Hier kann man sehen, wie Gott sich von diesem Zentrum aus in die Welt einschleicht, wie er von der Ankunft Jesu in Bethlehem her alle möglichen Winkel der Welt durchdringt. Er kommt immer noch dahin, wo man ihn nicht erwarten würde. Wer Gott aus seiner Welt und seinem Leben draußen halten will, der kann gar nicht wachsam genug sein.

Und das Verbindungsglied zwischen diesem Zentrum, dass Jesus in die Welt kommt, und all seinen Ausstrahlungen und Folgen in den entlegensten Ecken der Welt, das Bindeglied dazwischen sind normale Menschen, die Jesus annehmen und sich von ihm bewegen lassen. Wir sind als so ein Bindeglied berufen.

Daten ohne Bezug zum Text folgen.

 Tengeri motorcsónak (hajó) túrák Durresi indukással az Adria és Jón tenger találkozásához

Das hat Jesaja so noch nicht gesehen, dass Gott sich verbündet mit der großen Kraft von freien menschlichen Seelen. Tief unten in unserem Herzen sind wir empfänglich für den Ruf von Gottes Freiheit. Tief unten sehnen wir uns nach Liebe und Lebendigkeit, und auch wenn wir das alles haben verhungern lassen, und auch wenn das alles schon fast ganz verschüttet ist: das kann sich wieder regen und in Bewegung kommen und leben, solange wir atmen. Was vom Stall von Bethlehem und erst recht vom erwachsenen Jesus ausgeht, das nistet sich da ein und ist nicht wirklich zu kontrollieren.

Dazu eine letzte Szene aus dem Film »Merry Christmas«: Bevor am Ende die deutsche Einheit in einem Güterwagen an die Ostfront transportiert wird, kommt noch einmal so ein hohes Tier in Uniform zu ihnen und beschimpft sie. Und er sieht die Mundharmonika, zu deren Klang sie die Weihnachtslieder gesungen haben, und wütend schnappt er sie sich und trampelt mit seinen Soldatenstiefeln darauf herum, bis sie kaputt ist. Aber dann fangen die Soldaten alle an, die Melodie dieses Weihnachtsliedes zu summen, und dagegen kann er nichts mehr tun. Wütend blickt er dem Zug hinterher, der mit den summenden Soldaten wegfährt. Vielleicht werden sie sterben müssen, aber er hat das Beste an ihnen nicht zerstören können, und dieses Lied wird eines Tages im Himmel laut erklingen.

Dazu sind Weihnachtslieder da, dass man da gegen allen Tod und alle Hoffnungslosigkeit in der Welt immer wieder den Klang des Lebens hört. Man braucht manchmal das Ohr der Engel und der Propheten, um es zu verstehen. Aber dieses Lied des Lebens wird nicht mehr verstummen. Es hat den Tod schon längst besiegt, und es geht nur noch um die Frage, ob wir es mitsingen werden. Jetzt, damit wir Menschen des Friedens werden, und später noch einmal viel besser und voll endgültiger Freude im Himmel.